Company dancer Emily Stapleton’s solo, “Starting Over,” is a pensive portrait of a woman living in her past, her scarves at once mopping up a life once lived, perhaps regretted, and providing a link to what once was. Nostalgic clips of vintage song and sound effects by Alyssa Scebbi add context to a certain pathos in Stapleton’s poignant character portrait.
“After These Messages” by company dancer Nick Schrier is an acerbic commentary on branding and the physical effect of commercials on our lives. Alternating solo, ensemble, and duet segments combine to an abstraction of commercial-inspired movement vocabulary of with a tongue-in-cheek narrative contrasting Coca Cola and LaCroix. Over the top fun with undressing the fakery of branding ends the piece with a happy bunch sipping from their cans of LaCroix.
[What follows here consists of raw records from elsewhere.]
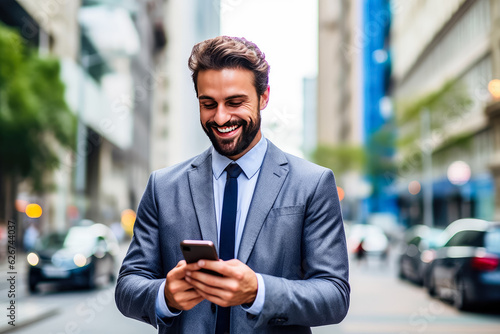 Happy smiling businessman holding smartphone standing in office , Portrait of man wearing suit holding cellphone at city , Created with Generative Ai Technology
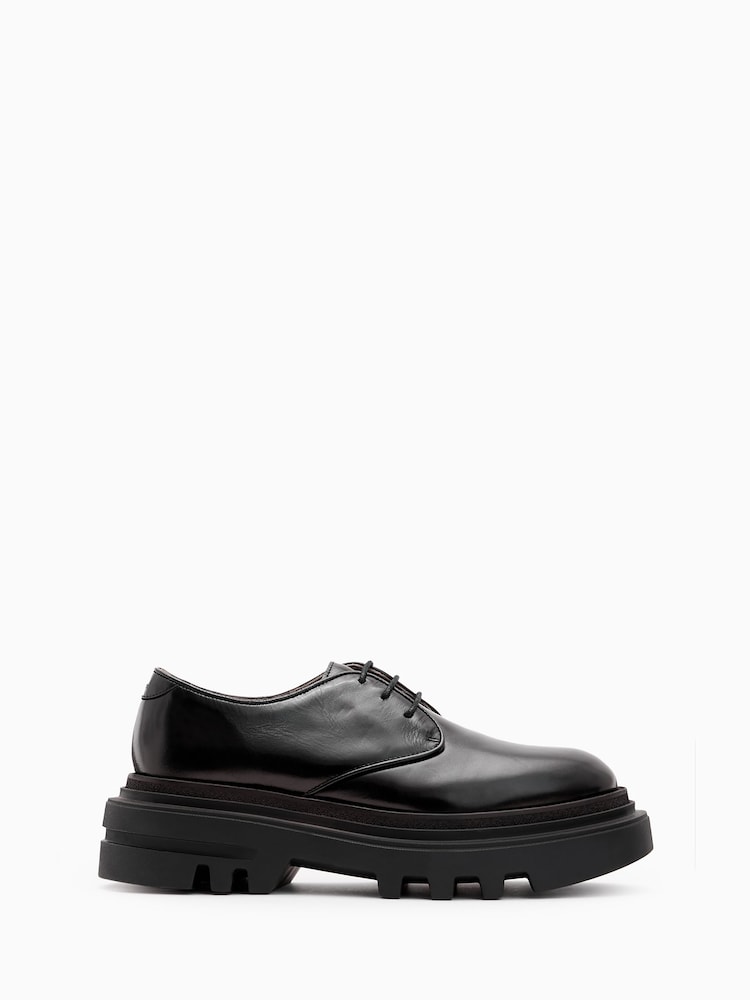 AllSaints Black Alexia Lace up Shoes - Image 2 of 6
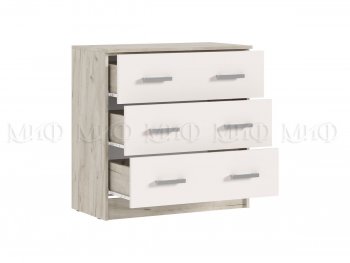 Комод 3 ящика Бася крафт/кашемир (Миф) в Дегтярске - degtyarsk.mebel-e96.ru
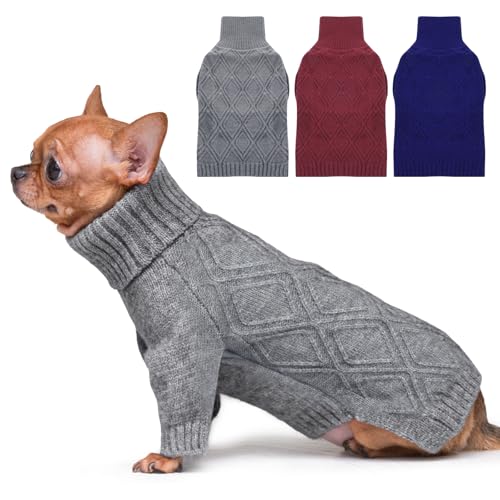 MORVIGIVE Kleiner Hundepullover – Grau, Größe XS – niedlicher gestrickter klassischer Hundepullover für kleine Hunde, Rollkragenpullover, Haustier-Winter-Strickwaren für Chihuahua, Welpen von MORVIGIVE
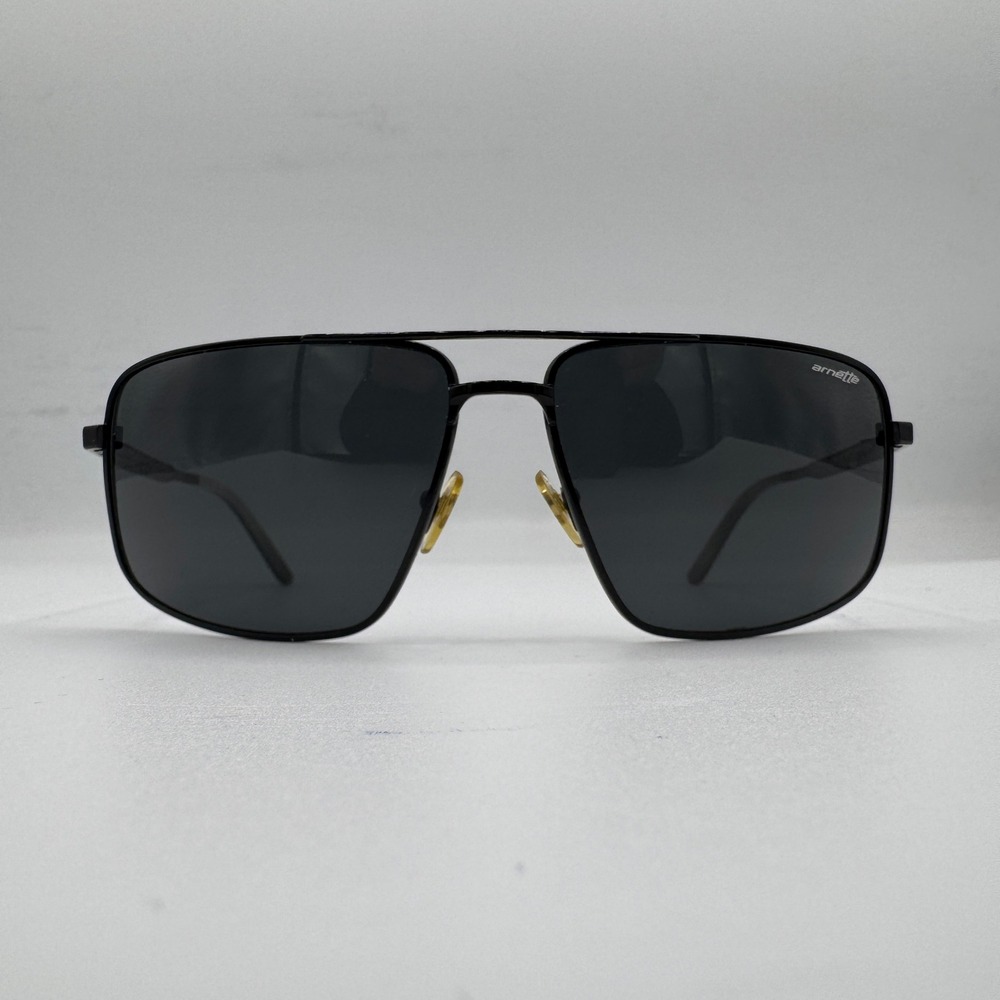 Arnette Bacon 3063-528/87 Black Metal Rectangular Aviator Sunglasses with Case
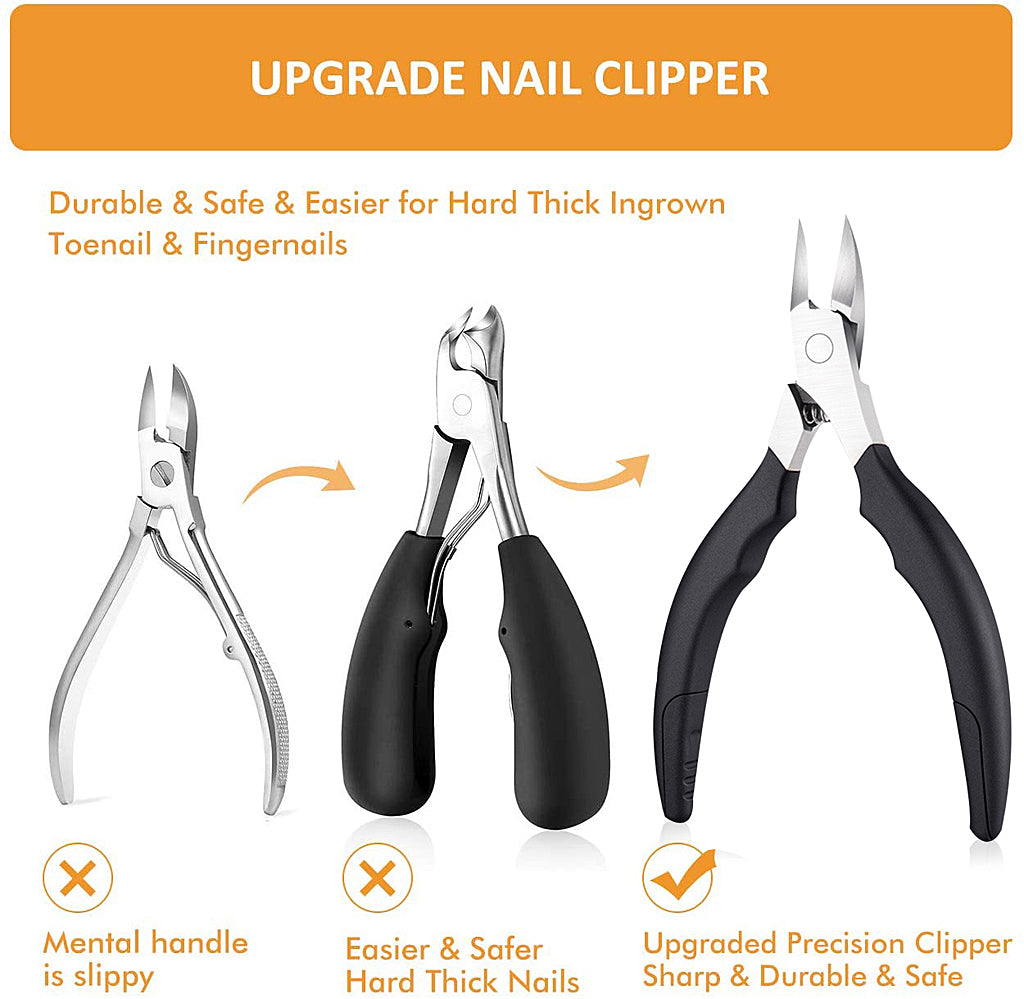 MAYCREATE  Toenail Clippers for Thick Nails Nail Clippers Kit Set for Men and Women Heavy Duty Nail Nippers Cutter for Pedicure Precision Ingrown Fingernails (Black)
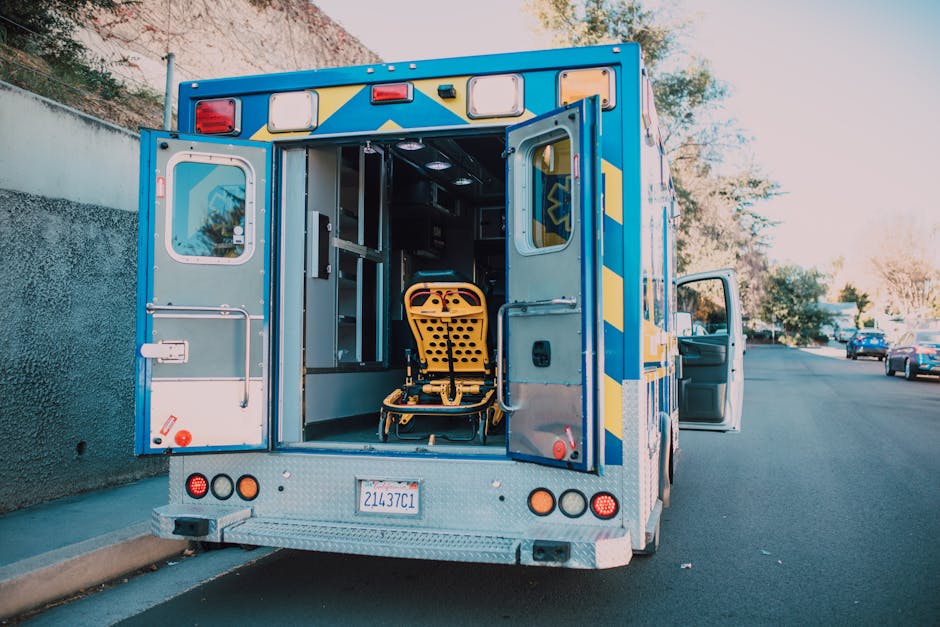 Back view of an open ambulance with a stretcher.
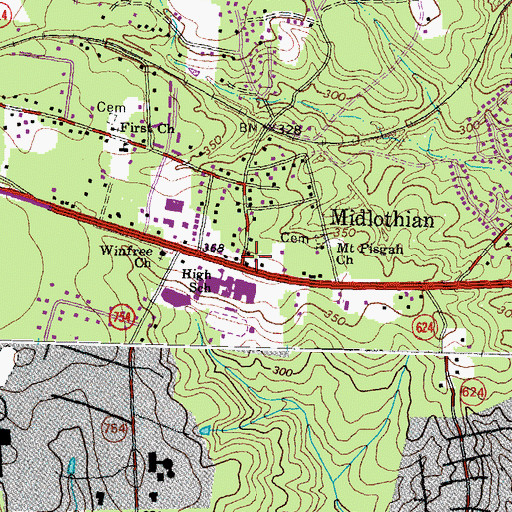 Topographic Map of Chesterfield Fire and Emergency Medical Services Station 5 Midlothian, VA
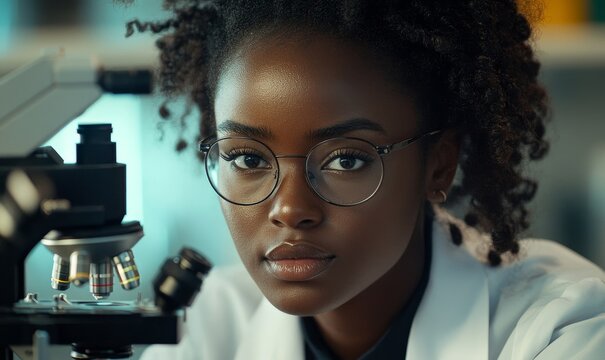 Inclusive image of a Black African American female lab scientist studying under a microscope, emphasizing diversity and representation in scientific research and innovation, Generative AI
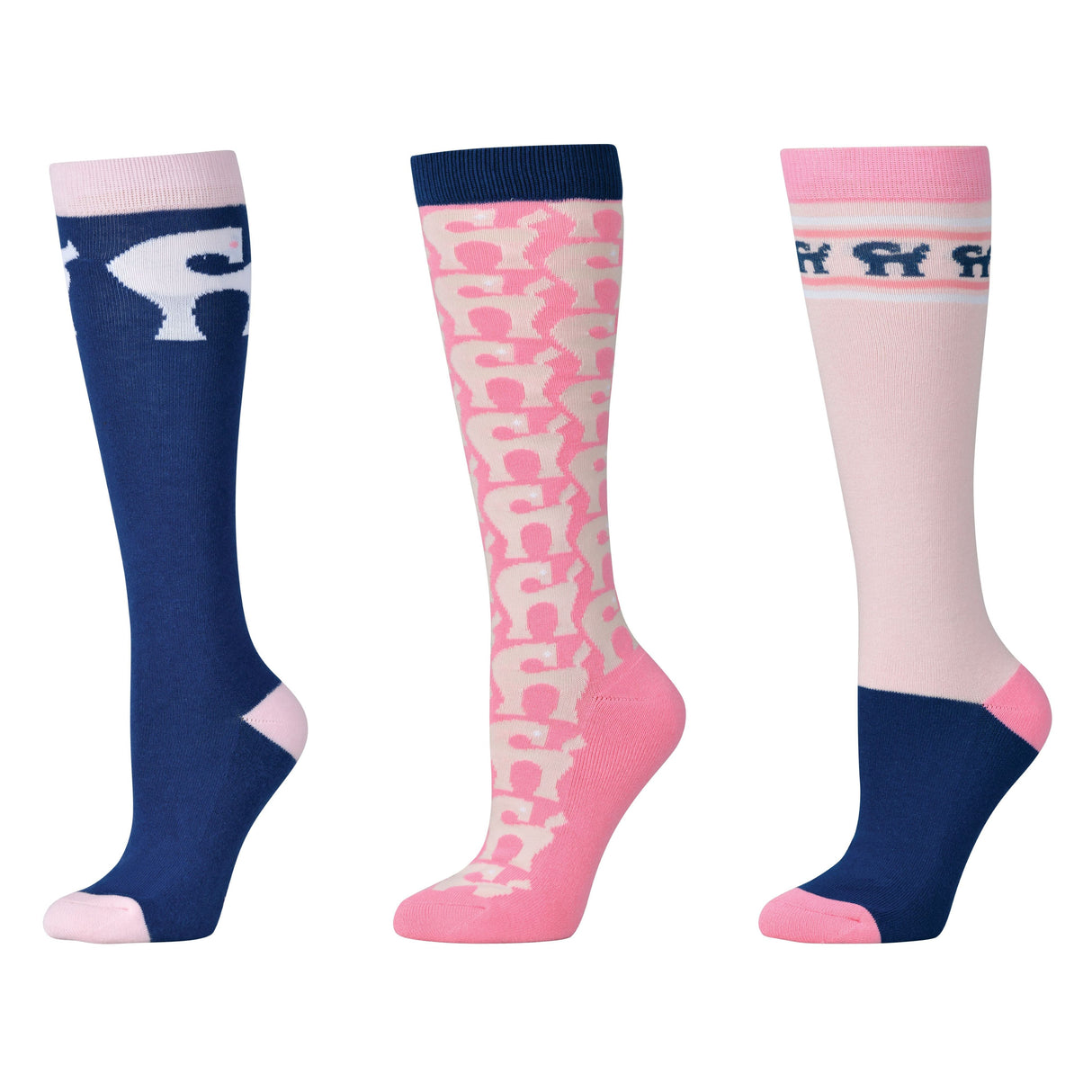 Dublin 3 Pack Socks Adults #colour_true-navy-pink-tulle-pony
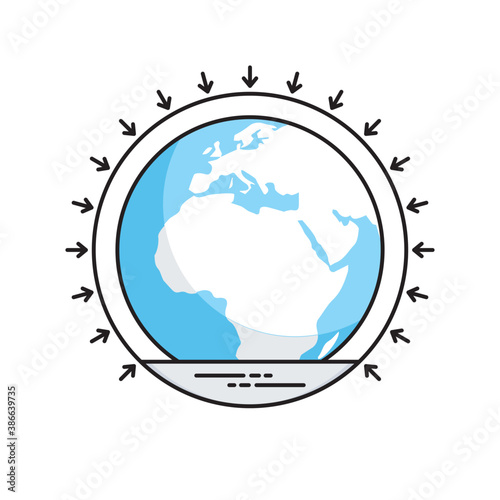 
Icon showing showing world globe in round shape, on a stand, indicating table globe icon
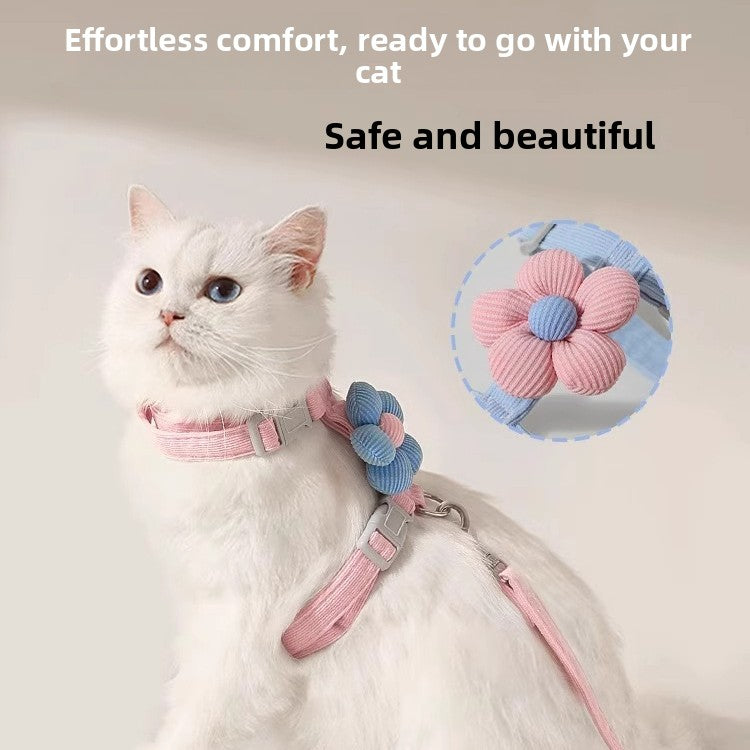 H shape cat harness and lead set with reflective details in blue, view 4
Danielle Gilmore and Melissa Pillarella’s duet “To: and From:,” set to music by The Cheiftans, uses the traditional Irish music to liberating advantage in a refreshing portrait of a relationship. A breathy ambience, attention to weight and momentum and a sense of life energy spins this duet on a lovely journey.
Two works from company repertoire by Mordine comprised the second half of the program. “Edge Mode-Part 2-Place of Refuge” (1994) combines Gregorian chant and contemporary tones in a score by Richard Woodbury, Brave Combo and Amnon Wolman. Spins and exclamations, stammers and sudden explosions define the movement, ever-shifting dynamics keeping the eye engaged.
The dancers enter in silence one at a time in “I Haven’t Heard From You” (2003). Set to Mozart’s “Sinfonia Concertante For String Orchestra,” this lyrical piece alternates unison movement and canon, with lots of breathy suspension and dance-your-heart-out freedom, showing off the dancers individual strengths. Of particular note is the lanky Austin Shirley, new to the company this year, a young dancer with poetry in his bones and springs in his feet.
Mordine’s trademark is the real deal, a uniquely personal and yet universal vision of dance that deserves to be seen by a wider audience.